Please write out every line of the material, leaving out any picture.

* Given data:
>>>
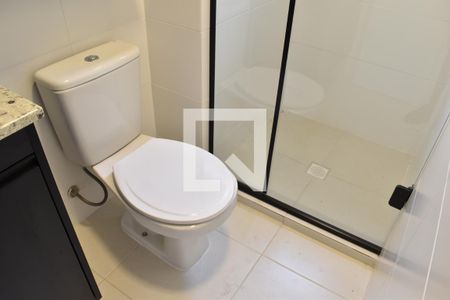 Banheiro de apartamento para alugar com 1 quarto, 34m² em Centro, Curitiba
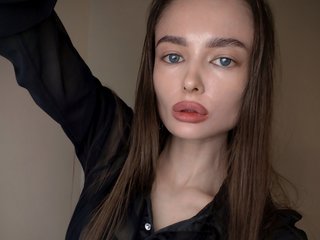 Erotic video chat -Barbie-Size-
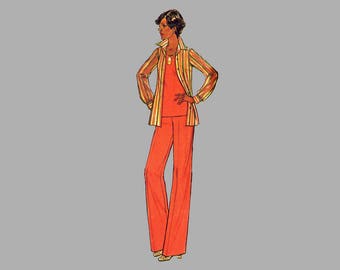 Pants/Top/Shirt pattern Simplicity 7934 Half Size pattern 14.5 - 16.5 Size C, Bust 37 to 39 inches Bell bottom pants UNCUT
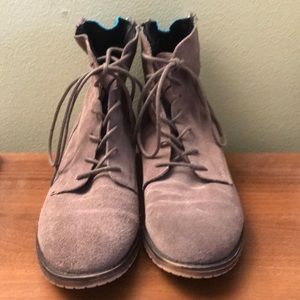 Steve Madden Booties size 7 1/2 like new!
<<<
* Answer space:
 Banheiro de apartamento para alugar com 1 quarto, 34m² em Centro, Curitiba
 Erotic video chat -Barbie-Size-
 Pants/Top/Shirt pattern Simplicity 7934 Half Size pattern 14.5 - 16.5 Size C, Bust 37 to 39 inches Bell bottom pants UNCUT
 Steve Madden Booties size 7 1/2 like new!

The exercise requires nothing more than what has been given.